My approach to statistical modeling is to take my knowledge and beliefs about the process that generates the data and explicitly encode them into a model. The approach is called model-based machine learning; an idea described quite well by Chris Bishop in an intro to a book he wrote on the topic.
Model-based machine learning contrasts with a broader class of methods statistical machine learning, which seeks to find nuanced statistical patterns in the data and uses those patterns to make predictions. Model-based machine learning also does this, but it finds patterns consistent with my knowledge and beliefs.
I take model-based machine learning and stretch it a bit further. I try to build in as many assumptions about the actual mechanisms driving the data as I can. A model with "mechanisms" could be something like a differential equation, a law of physics, a set of logical premises, or theory from economics, cognitive science, or linguistics. The approach depends on the domain.
I like I explicitly to build assumptions about mechanisms into my models because they make the models falsifiable.

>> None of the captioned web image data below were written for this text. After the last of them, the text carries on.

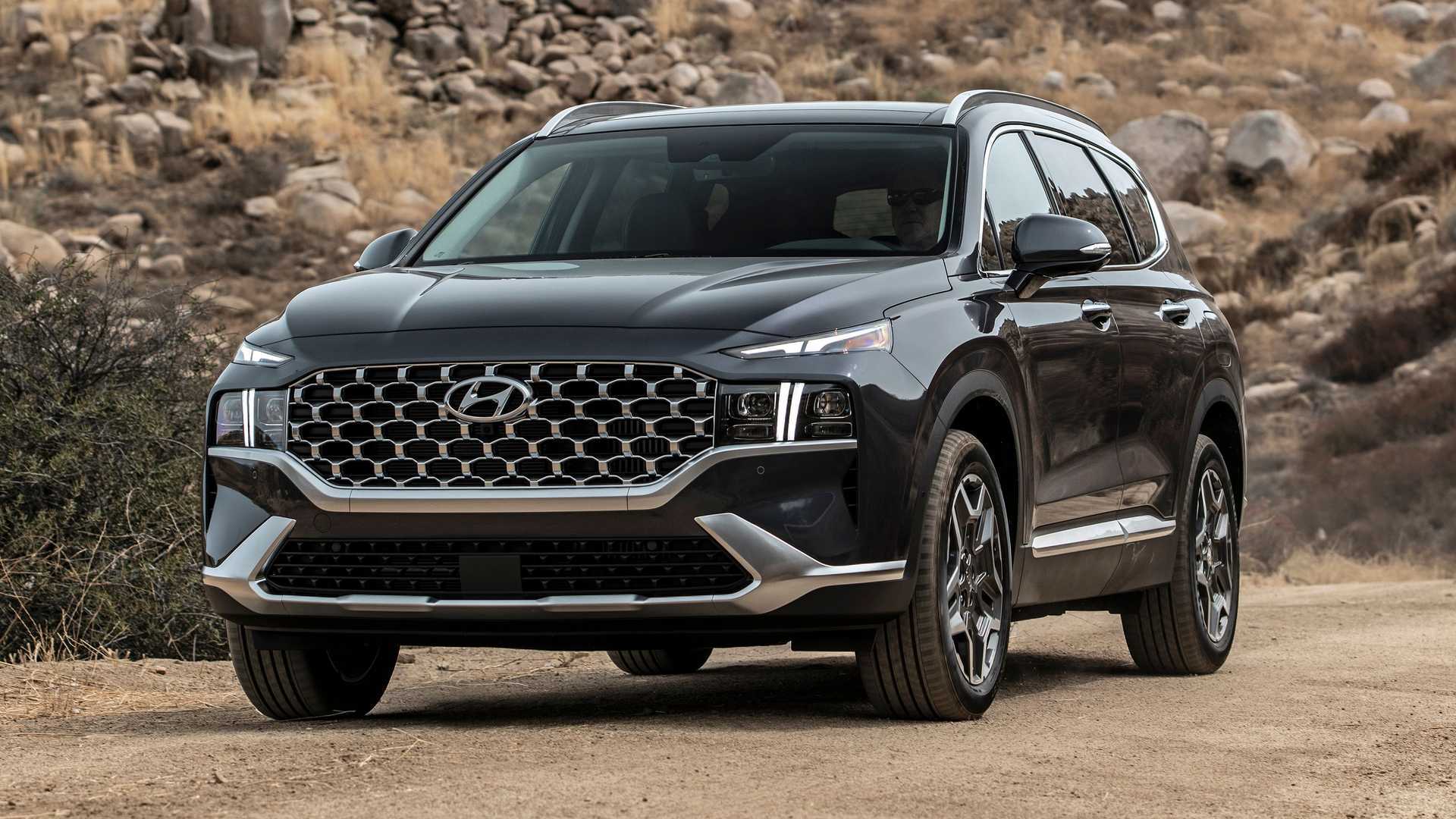 Tampilan mobil Hyundai New Santa Fe 2021 terbaru (photo/Hyundai) Tampilan mobil Hyundai New Santa Fe 2021 terbaru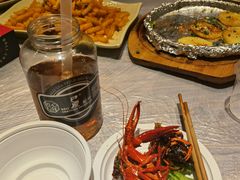 -巴厘龙虾·榜首油焖大虾(音乐学院·沿江酒馆店)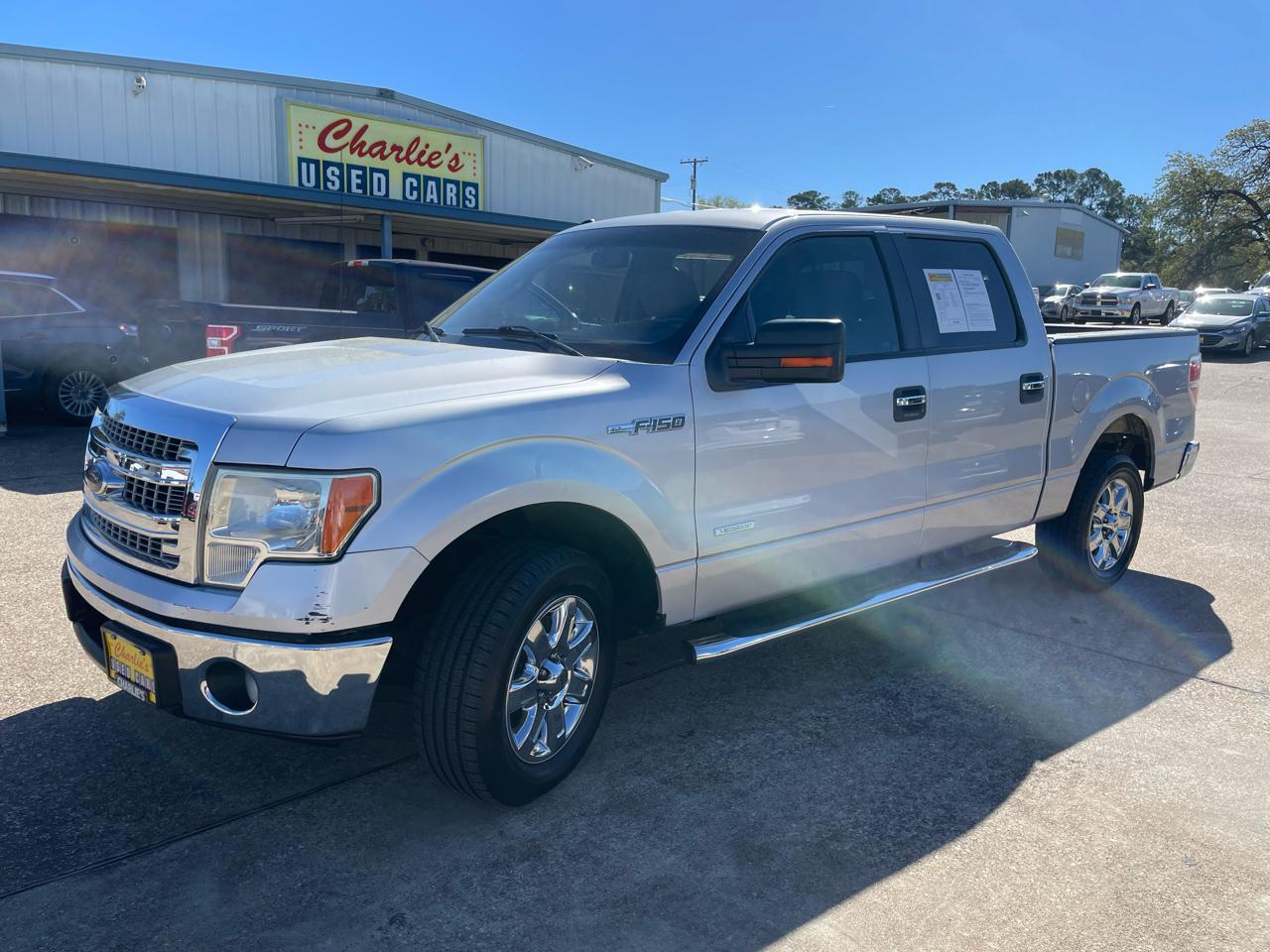 2014 Ford F-150 2WD SuperCrew 145" XLT
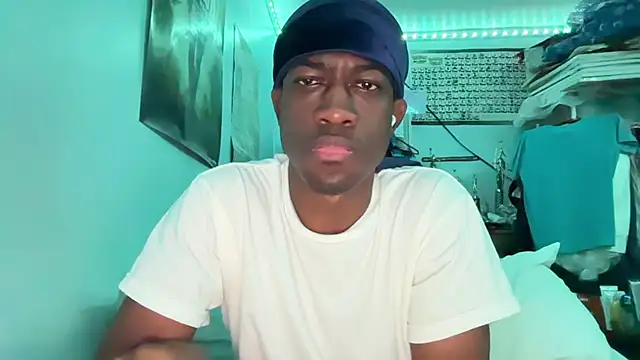 jay_secxret Show in webcam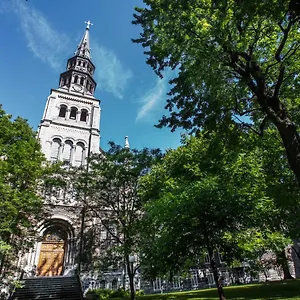 Hotel The Grey Nuns By Concordia, Montréal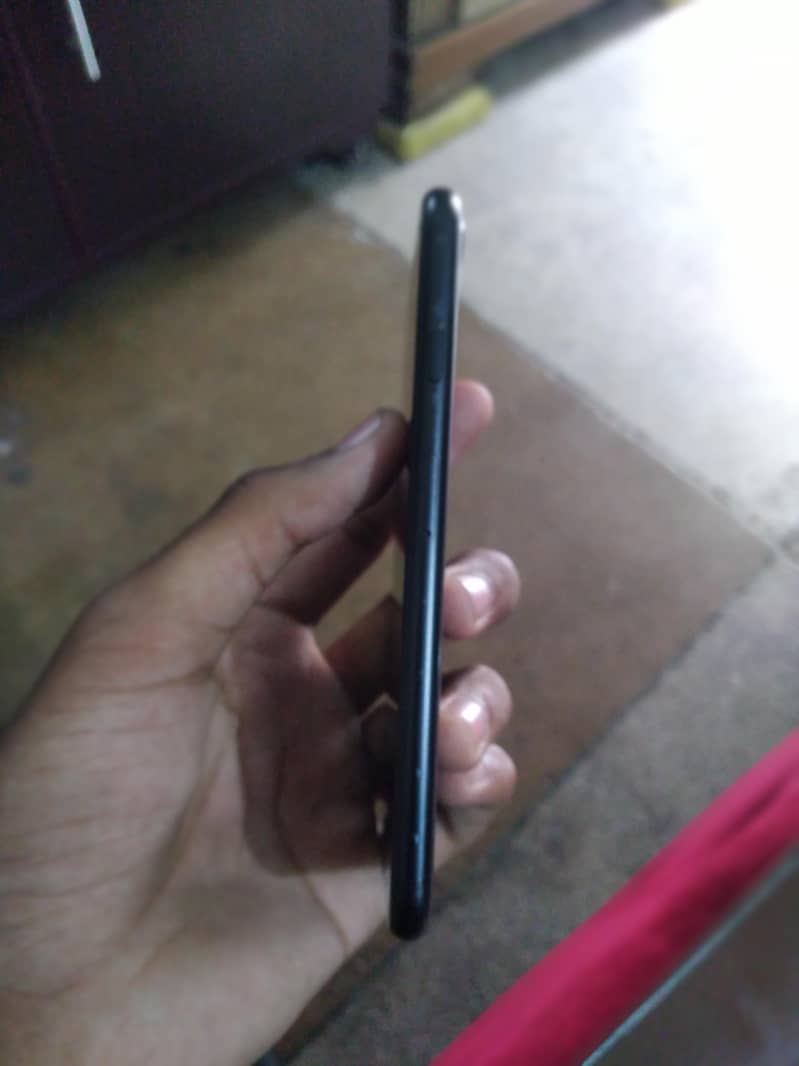 Apple iPhone SE 2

Falsifiability means a model can be refuted by evidence. If your model suggests something should be true, and that thing is not true in the data you observe, then that data has falsified your model.
One of the practical advantages of building falsifiable models is it lets you know when the sands are shifting under your feet. Your model might be working fine and predict well, but once reality starts contradicting the assumptions underpinning your model, you know you should update the model before those predictions go off the rails.
Billionaire investor George Soros (that guy at the heart of a basically every conspiracy theory on the right) attributes his wealth to this manner of thinking. He develops models about how the markets are moving, trades on them, while at the same time seeking evidence about how they might be wrong. If he's wrong, he updates his models. Boom! Billionaire.
I'm only rich because I know when I'm wrong … I basically have survived by recognizing my mistakes.
~ George Soros
Interesting? Help me find other like-minded modelers.
Falsifiability helps me focus.
Let's define the term "model" a bit more loosely. Code that takes in data and spits out predictions in a computer is an algorithmic statistical model. But more broadly, any artifact that incorporates evidence about the world and makes predictions for how the world works is also a model. This definition includes the mental models that we have in our head, or that exist as memes on social media.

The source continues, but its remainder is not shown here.